• What the task requires: Please repeat only the lines below starting at the line that holds "Portable Power Bank, Ultra" and ending at the line that holds "Beautiful autumn mountain", exactly, with both of those lines included and every picture omitted.

• Material to process:
■ ■ ■ ■ ■

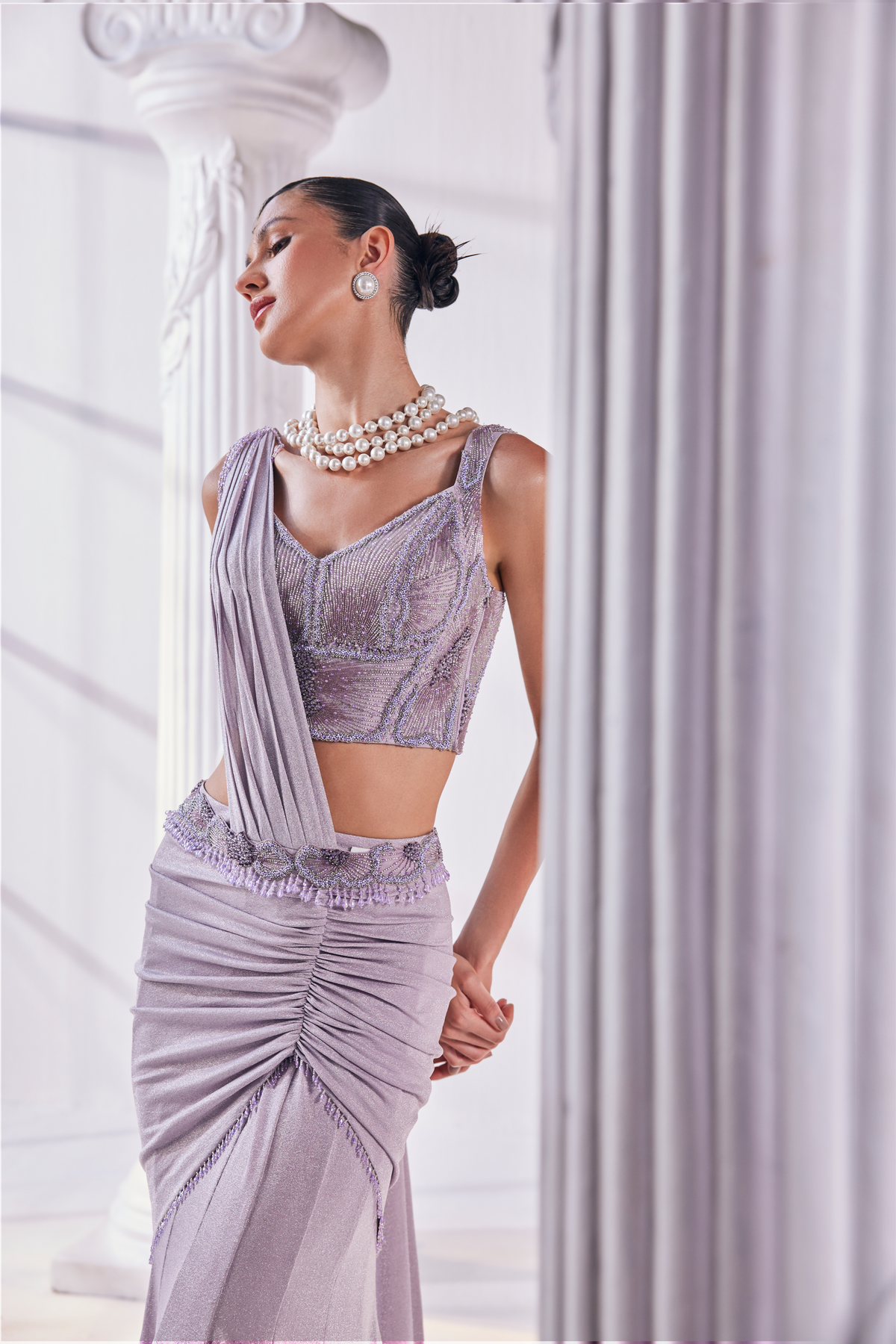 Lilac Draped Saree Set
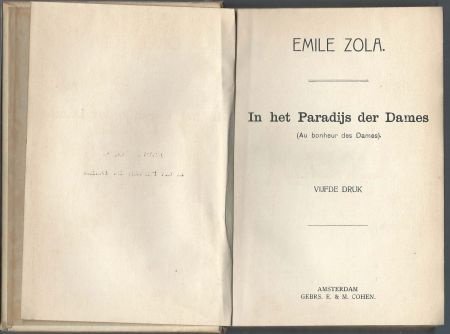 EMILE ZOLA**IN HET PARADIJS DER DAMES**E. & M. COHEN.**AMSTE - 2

■ ■ ■ ■ ■

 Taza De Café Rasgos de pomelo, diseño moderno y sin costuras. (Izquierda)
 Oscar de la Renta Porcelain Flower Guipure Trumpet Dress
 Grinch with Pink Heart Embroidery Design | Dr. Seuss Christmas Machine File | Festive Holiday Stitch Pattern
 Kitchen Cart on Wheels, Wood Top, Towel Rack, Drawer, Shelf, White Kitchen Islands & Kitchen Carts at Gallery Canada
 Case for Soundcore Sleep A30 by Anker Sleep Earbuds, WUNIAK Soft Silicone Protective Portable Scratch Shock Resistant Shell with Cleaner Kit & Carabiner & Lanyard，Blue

■ ■ ■ ■ ■

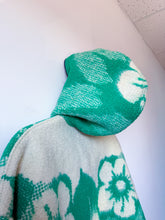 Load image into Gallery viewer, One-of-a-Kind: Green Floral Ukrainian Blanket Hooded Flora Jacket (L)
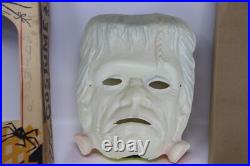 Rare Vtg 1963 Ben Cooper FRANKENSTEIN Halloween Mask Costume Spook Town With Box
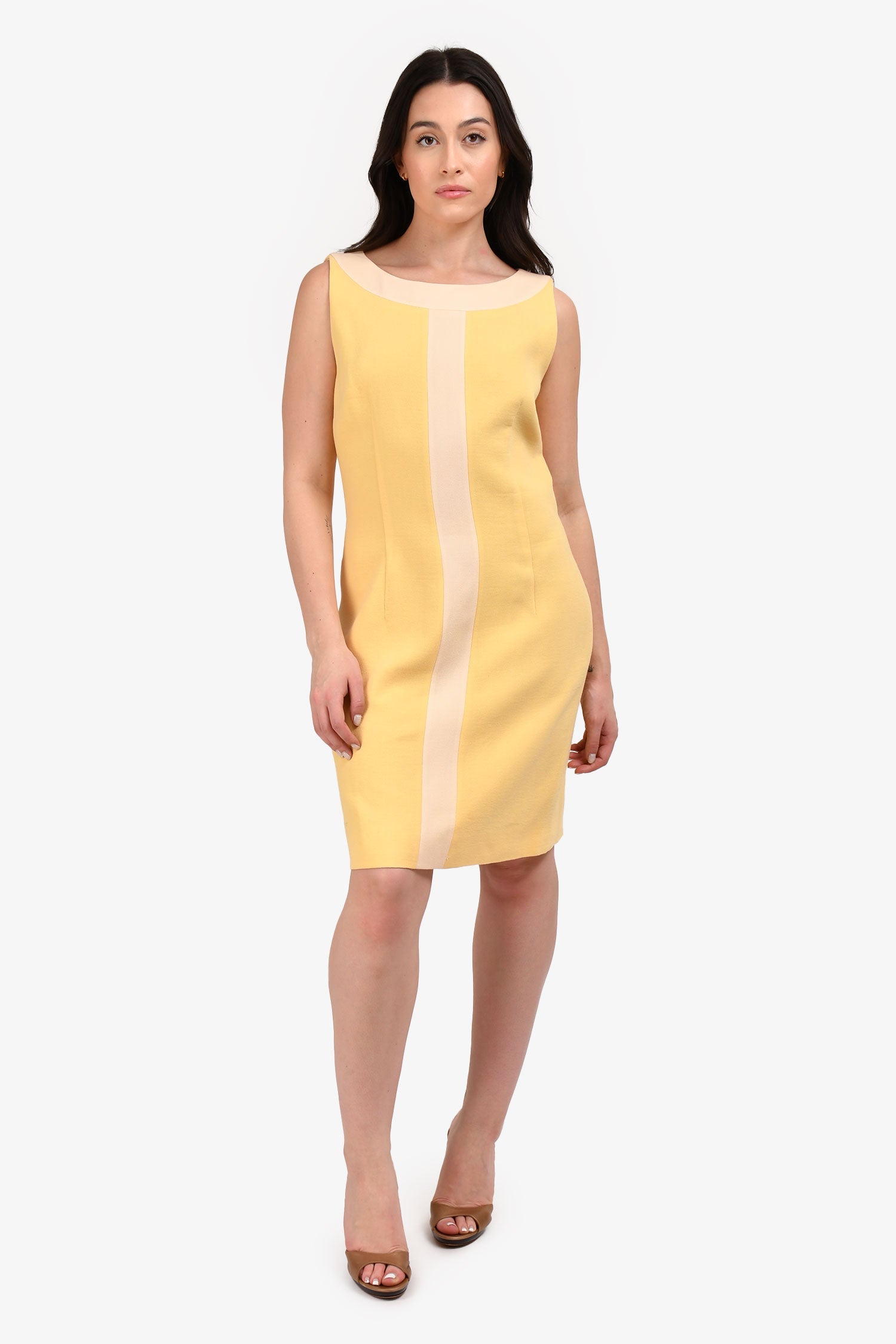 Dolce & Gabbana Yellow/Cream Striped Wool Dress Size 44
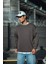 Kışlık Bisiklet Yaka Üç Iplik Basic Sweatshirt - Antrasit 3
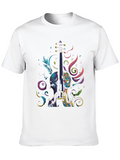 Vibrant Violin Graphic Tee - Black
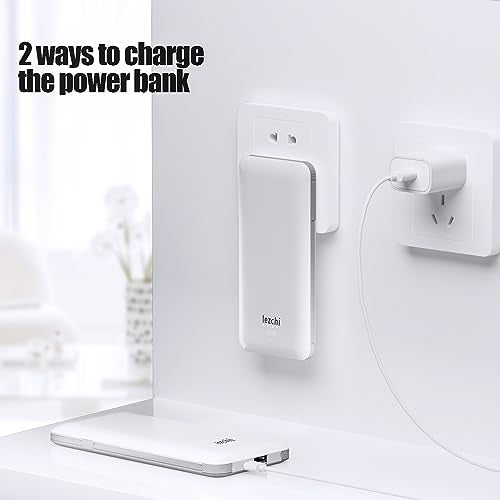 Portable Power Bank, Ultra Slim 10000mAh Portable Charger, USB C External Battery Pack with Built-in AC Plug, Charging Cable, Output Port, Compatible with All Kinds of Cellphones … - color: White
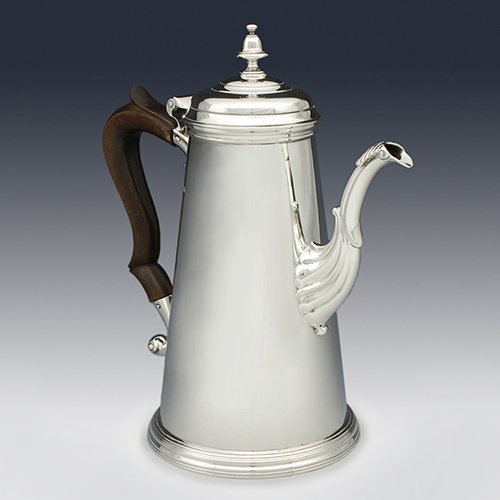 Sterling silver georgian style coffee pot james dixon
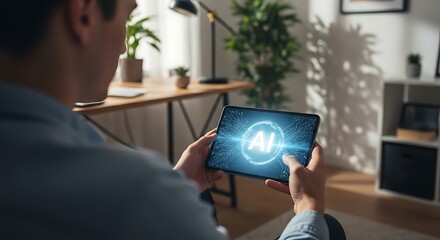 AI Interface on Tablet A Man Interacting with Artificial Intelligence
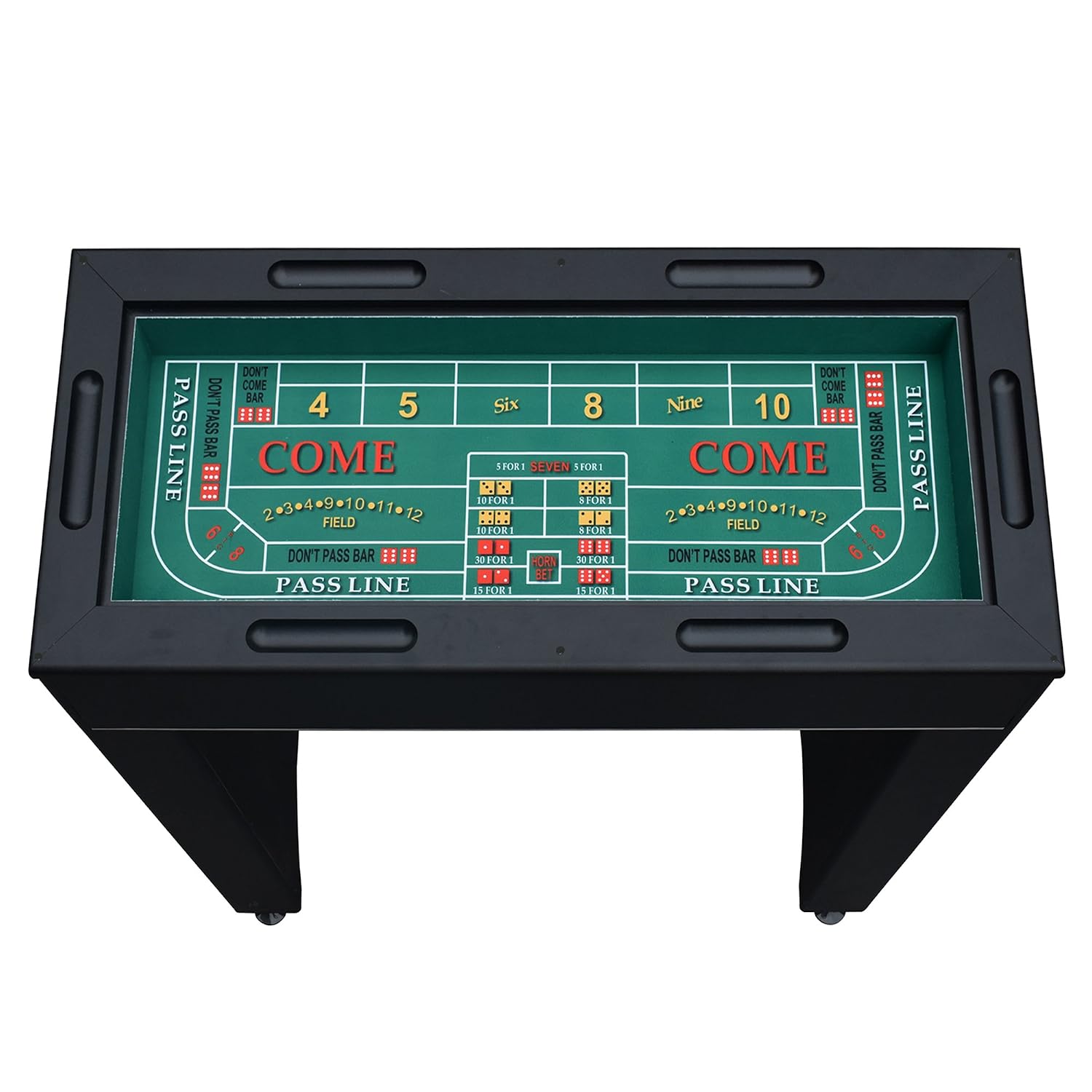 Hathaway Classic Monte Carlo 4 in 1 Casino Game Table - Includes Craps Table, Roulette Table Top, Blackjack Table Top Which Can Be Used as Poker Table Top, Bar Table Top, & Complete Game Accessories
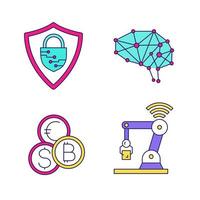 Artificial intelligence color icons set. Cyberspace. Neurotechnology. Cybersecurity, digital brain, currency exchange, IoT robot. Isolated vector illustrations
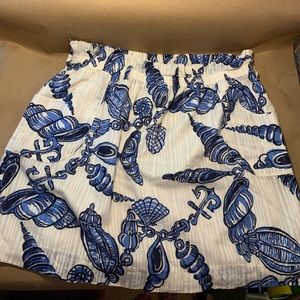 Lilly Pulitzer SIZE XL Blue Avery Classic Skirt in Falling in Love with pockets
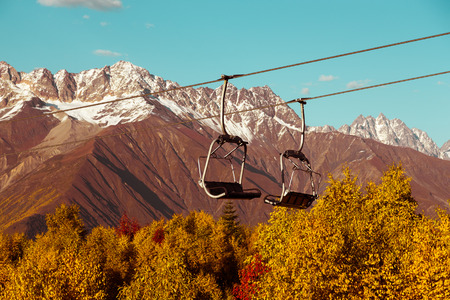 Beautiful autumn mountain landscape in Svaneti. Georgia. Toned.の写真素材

■ ■ ■ ■ ■

• Output of the exercise:
 Portable Power Bank, Ultra Slim 10000mAh Portable Charger, USB C External Battery Pack with Built-in AC Plug, Charging Cable, Output Port, Compatible with All Kinds of Cellphones … - color: White
 Sterling silver georgian style coffee pot james dixon
 AI Interface on Tablet A Man Interacting with Artificial Intelligence
 Hathaway Classic Monte Carlo 4 in 1 Casino Game Table - Includes Craps Table, Roulette Table Top, Blackjack Table Top Which Can Be Used as Poker Table Top, Bar Table Top, & Complete Game Accessories
 Artificial intelligence color icons set. Cyberspace. Neurotechnology. Cybersecurity, digital brain, currency exchange, IoT robot. Isolated vector illustrations
 Lilly Pulitzer SIZE XL Blue Avery Classic Skirt in Falling in Love with pockets
 Beautiful autumn mountain landscape in Svaneti. Georgia. Toned.の写真素材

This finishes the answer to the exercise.